Dazu hörten sie OK Computer1, vielleicht das wichtigste Album der 90er-Jahre. Wenigstens in diesem Punkt waren wir uns einig.
Ich war fassungslos. Sie hatten nicht nur die Küche nicht aufgeräumt, sie hatten auch nicht geduscht und nicht gelüftet. Wahrscheinlich geht normales Jung-Sein so. Ich konnte nicht mit, gab bald entnervt auf, und wir zogen auseinander.
Bevor ich koche, reinige ich die Küche, bevor ich zu schreiben beginne, wird der Schreibtisch komplett geleert.
BERNARD GLASSMAN
Die Küche zu reinigen, bedeutet den Geist zu reinigen.
Ich schaue KöchInnen sehr gerne bei der Arbeit zu: Bevor die erste Zwiebel geschnitten wird, wird alles sauber gemacht. Übrigens findet sich eine ähnliche Argumentation in der buddhistischen Lehre, wenn ich das richtig verstanden habe. Jedenfalls können diese ordnenden Tätigkeiten wundervoll klärend sein.

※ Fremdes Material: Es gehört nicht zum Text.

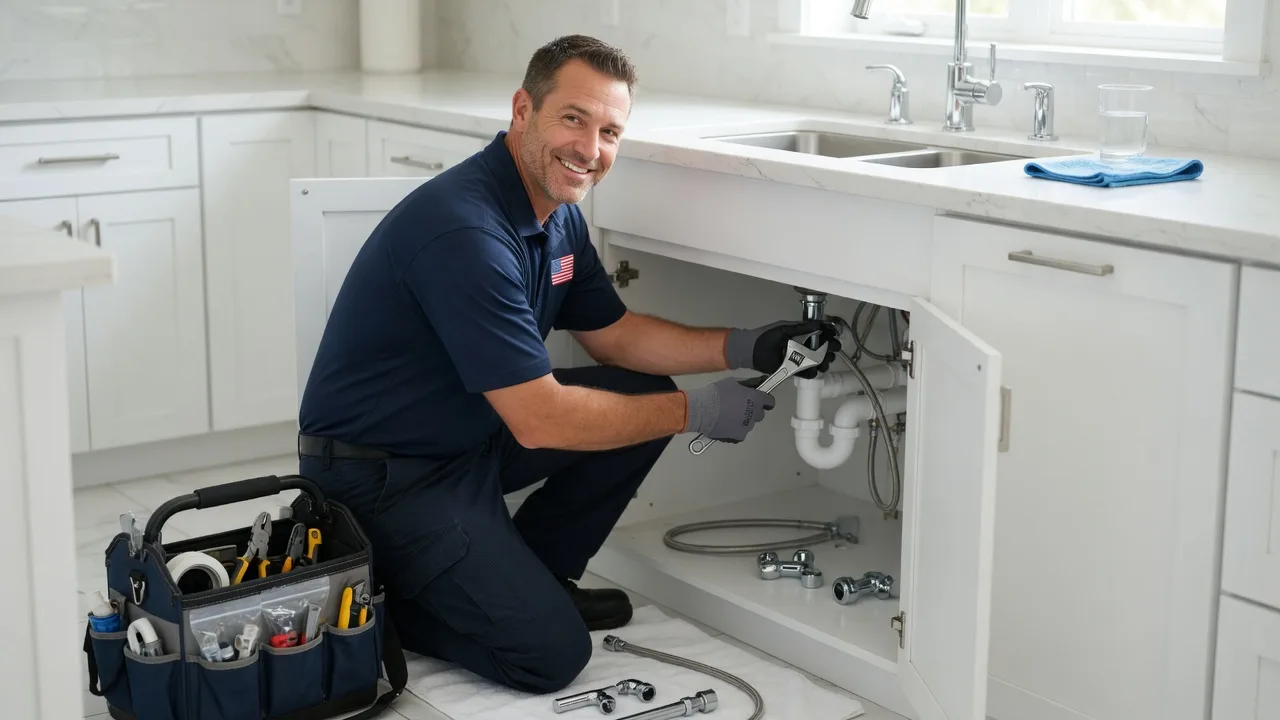 Emergency Plumber in Huntsville, TX near me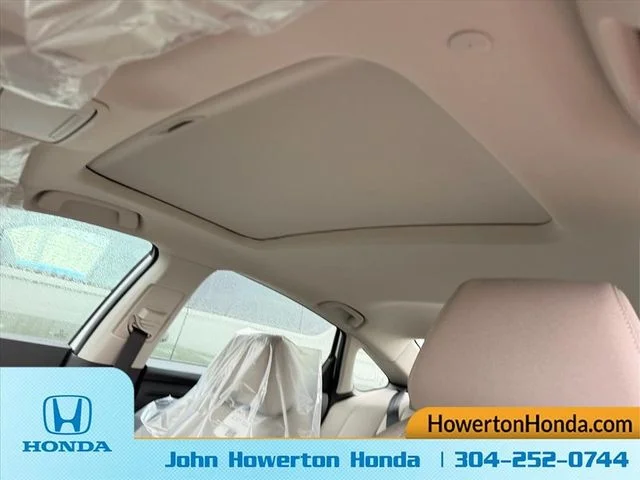New 2026 White Honda SE image 14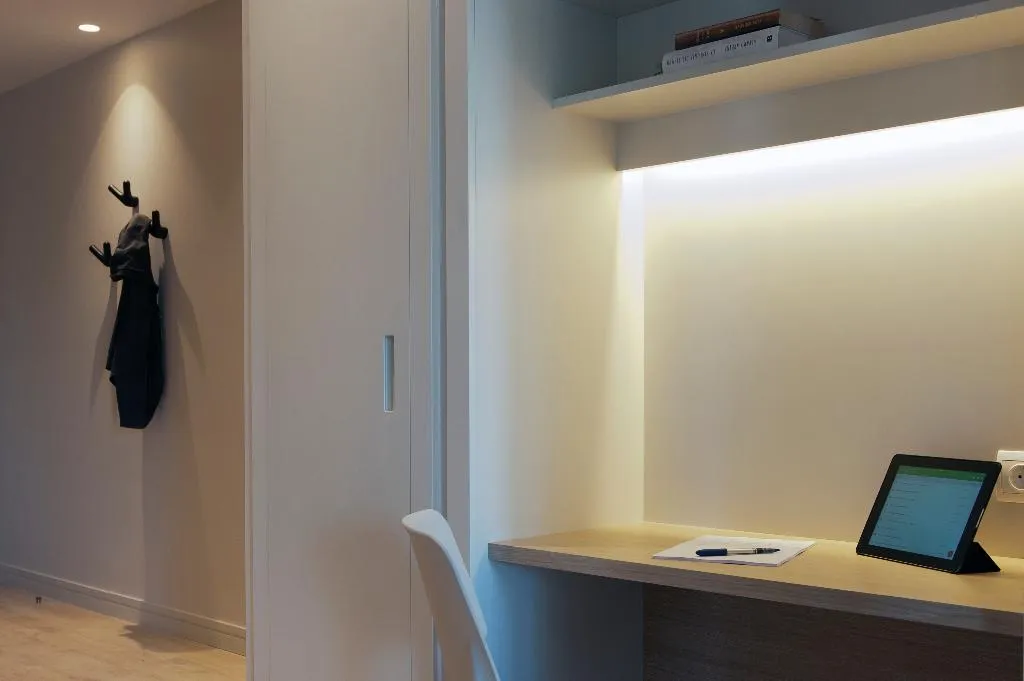 Room, MH Apartments Central Madrid, Madrid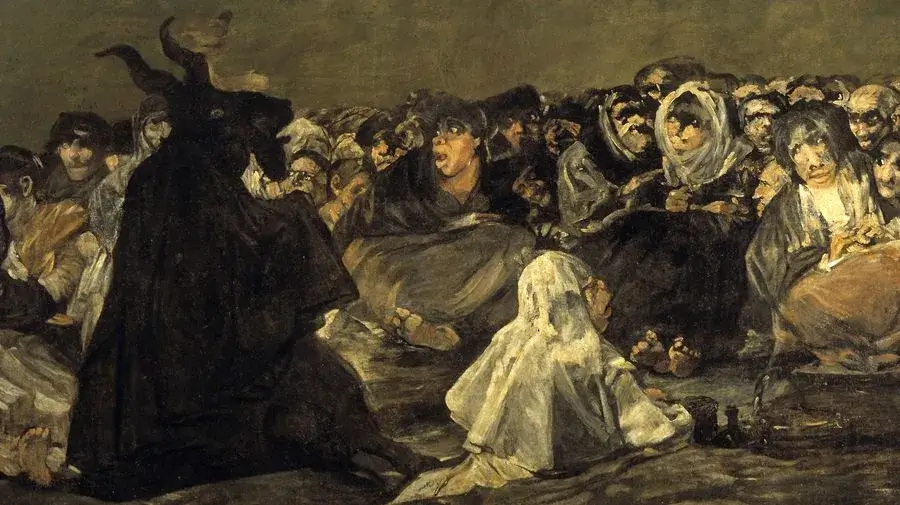 Pinturas Negras Francisco de Goya Museo Nacional del Prado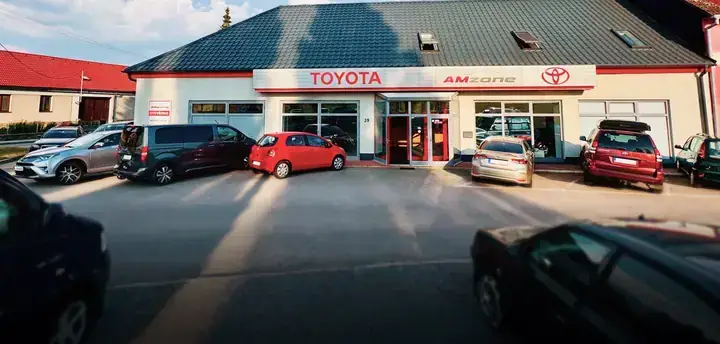 Autoservis Toyota Autoservis Toyota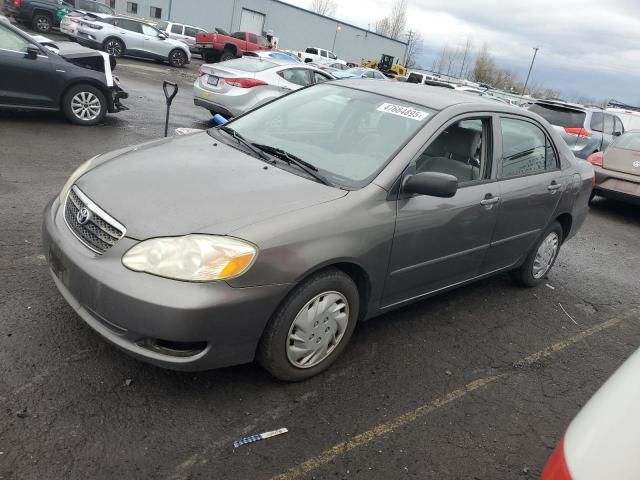 2005 Toyota Corolla CE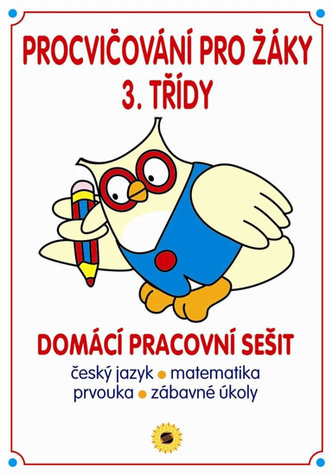 Procvičování pro žáky 3.třídy
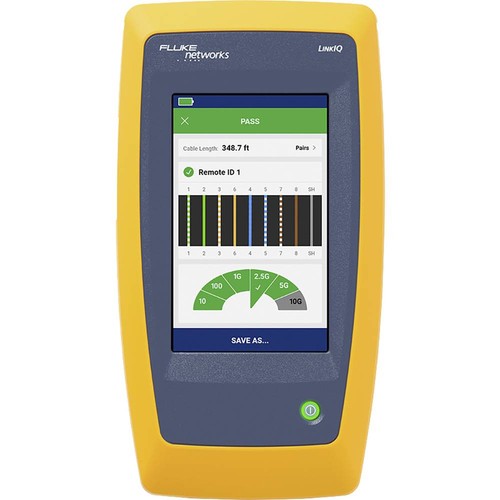 Fluke networks liq - fluke, liq-100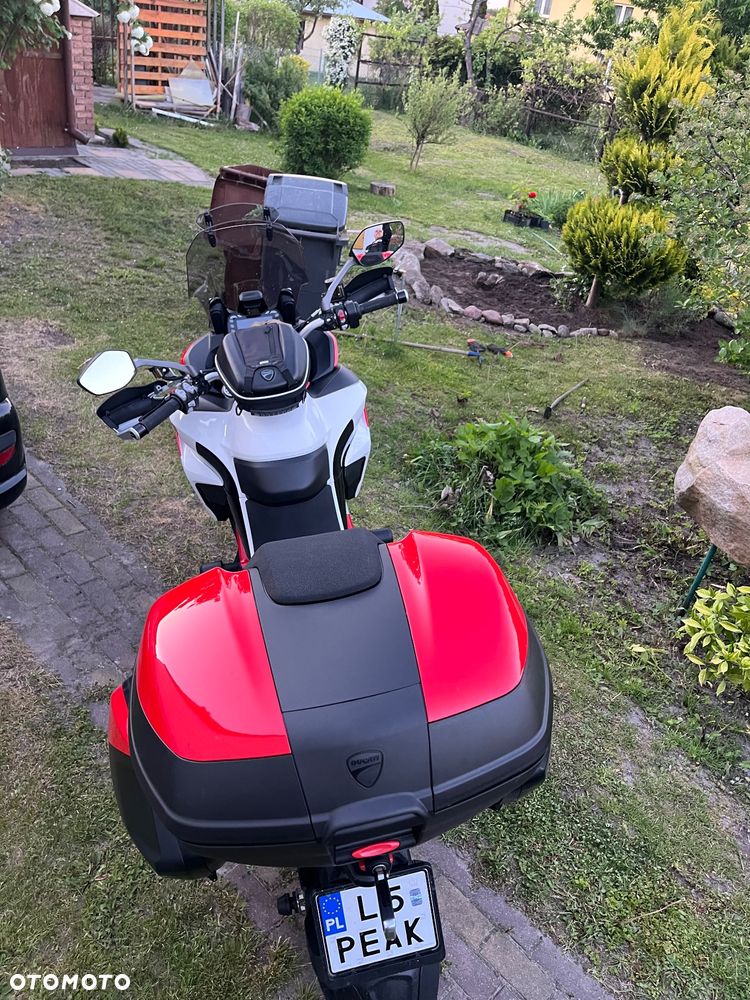 Ducati Multistrada - 8
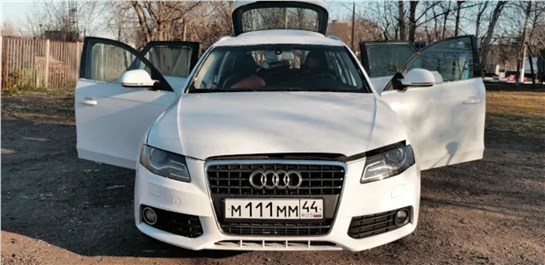 Анонс видео-теста Audi по цене Lada Kalina - Автохлам за 400.000р! Или автомобиль мечты?
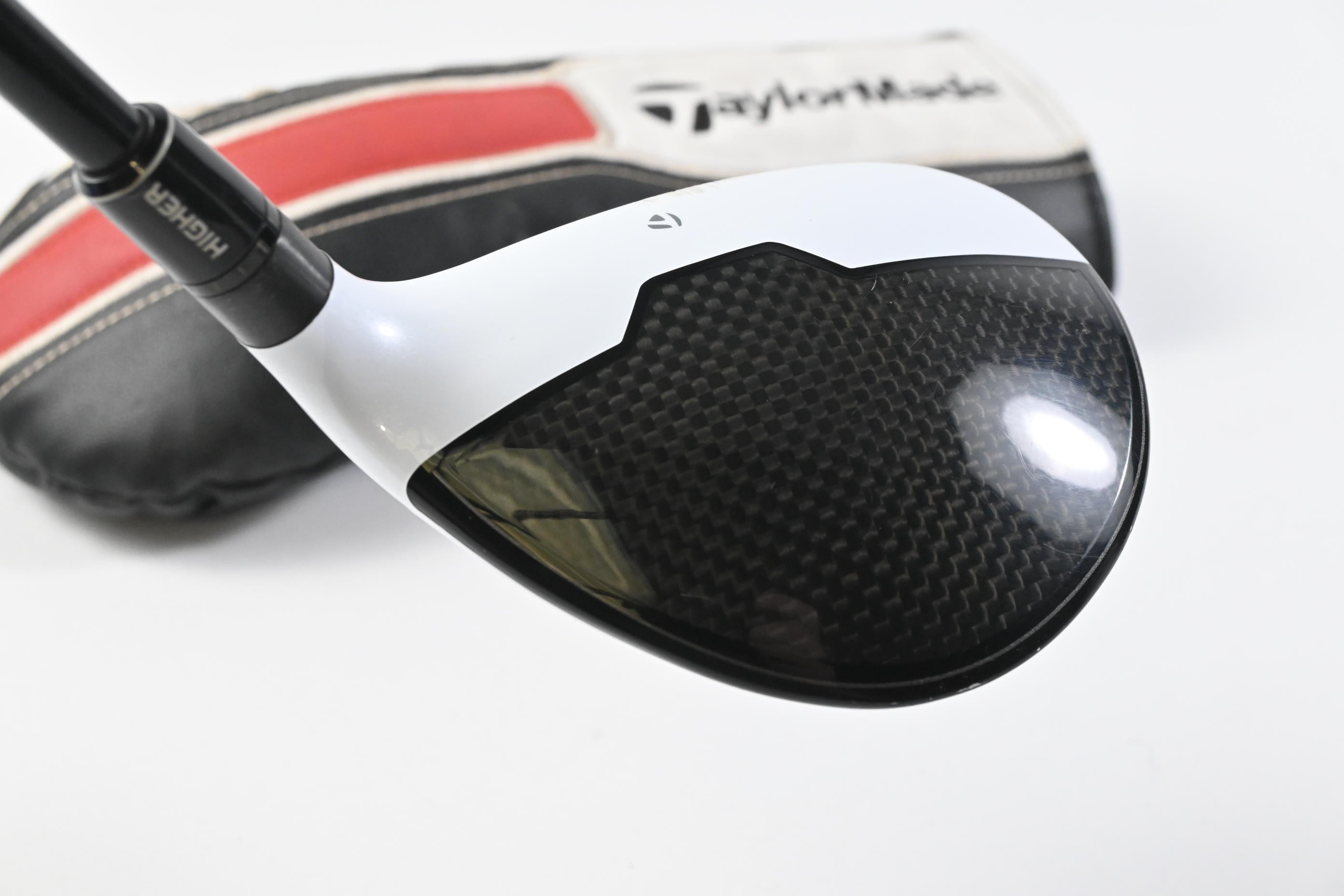 Taylormade M1 2016 #3 Wood / 15 Degree / Stiff Flex Fujikura Pro Red 70 Shaft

Ich erinnere mich, dass ich mein Bücherregal einmal nach Farben sortiert habe. Es war ein klassischer Fall von Prokrastination, lange bevor das Wort modern wurde. Ich studierte und hatte mir noch nicht eingestanden, dass das Uni-Leben mich unglücklich machte. Statt für die Prüfung zu lernen, räumte ich das gesamte Regal aus und ordnete die Werke in tagelanger Arbeit nach Farben. Das Problem bemerkte ich erst zum Schluss: Ein nach Farben geordnetes Bücherregal mag zwar hübsch anzusehen sein, aber man findet darin kein einziges Buch mehr. Überdies zog ich mir die Sorge meiner Mitmenschen zu, die sich fragten, ob mich Marihuana nun endgültig zerstört hatte oder aus mir ein anthroposophischer Extremist geworden war.